Conventional in his thinking, Gene sees school and sports as formal competition — a public form of rivalry with clearly defined rules and expectations. As a result, he begins to wonder how he can be friendly rivals with someone who will not play by the rules, who stands so clearly superior to him, and who remains unassuming as well.

Tellingly, Gene flinches when Finny declares his friendship. This occurs on a forbidden trip to the ocean that Finny proposes in yet another example of his rebelliousness. Gene reluctantly goes along, although he resents the disruption in his ordered life and worries that it will mean that he will fail his trigonometry test (which he does).

When they arrive, Finny (as his name suggests) frolics effortlessly in the ocean, at one with its untamed force. But Gene finds himself thrown roughly about by the waves and retreats to the beach, where he worries that he will be expelled for this breach of the rules. Clearly, Finny's fun — a physical and mental state of being — remains beyond Gene's instincts and abilities.

The concluding scene at the ocean recalls the end of Chapter 2, when Finny grabs Gene's hand on the limb to steady him and also looks forward, darkly, to Gene's part in the fall that occurs at the close of Chapter 4. On the beach before sleep, in a moment of spontaneous candor, Finny offers Gene proof of his friendship when he calls him his "best pal." Although Gene realizes that he should reciprocate with his own profession of friendship, he doesn't reply, stopped "by that level of feeling, deeper than thought, which contains the truth."

At this moment, Gene realizes that his feelings for Finny are so bound up in jealousy and resentment that he cannot truly be friends with him. The results, dramatized in the next chapter, prove to be tragic.

Glossary

blitzkrieg sudden, swift, large-scale offensive warfare intended to win a quick victory, used by the Nazis. Here, the boys adapt the term for "blitzball," a game that emphasizes high energy and surprise manuevers..

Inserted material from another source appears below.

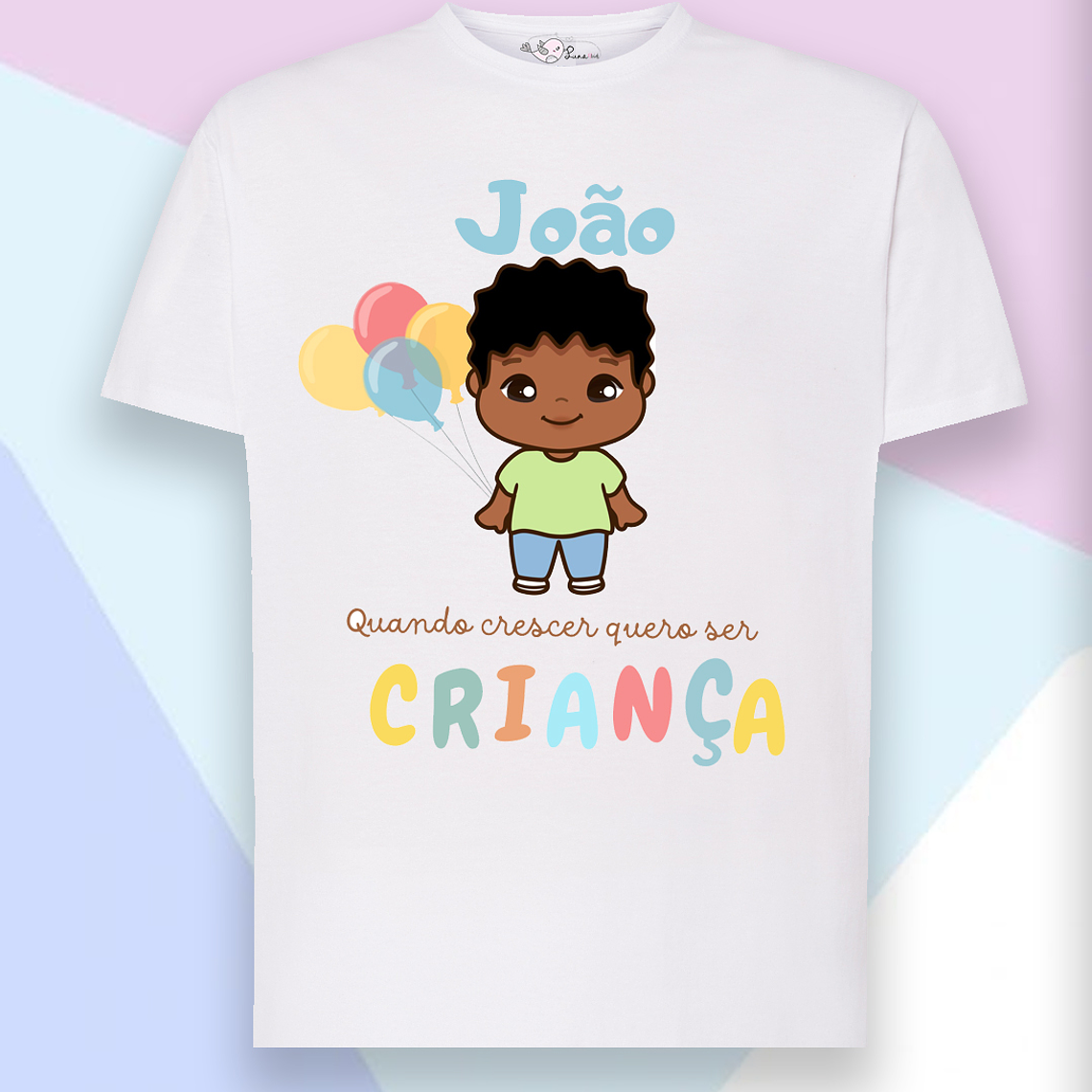 T-shirt Quero ser criança 3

Winston Churchill (1871-1947) British statesman and writer; prime minister (1940-45; 1951-55). Here, the boys refer to Churchill in his role as prime minister of Great Britain during World War II

Josef Stalin (1879-1953) Soviet premier (1941-53); general secretary of the Communist party of the U.S.S.R. (1922-53). Here, the boys refer to Stalin in his role as leader of the Soviet Union during World War II.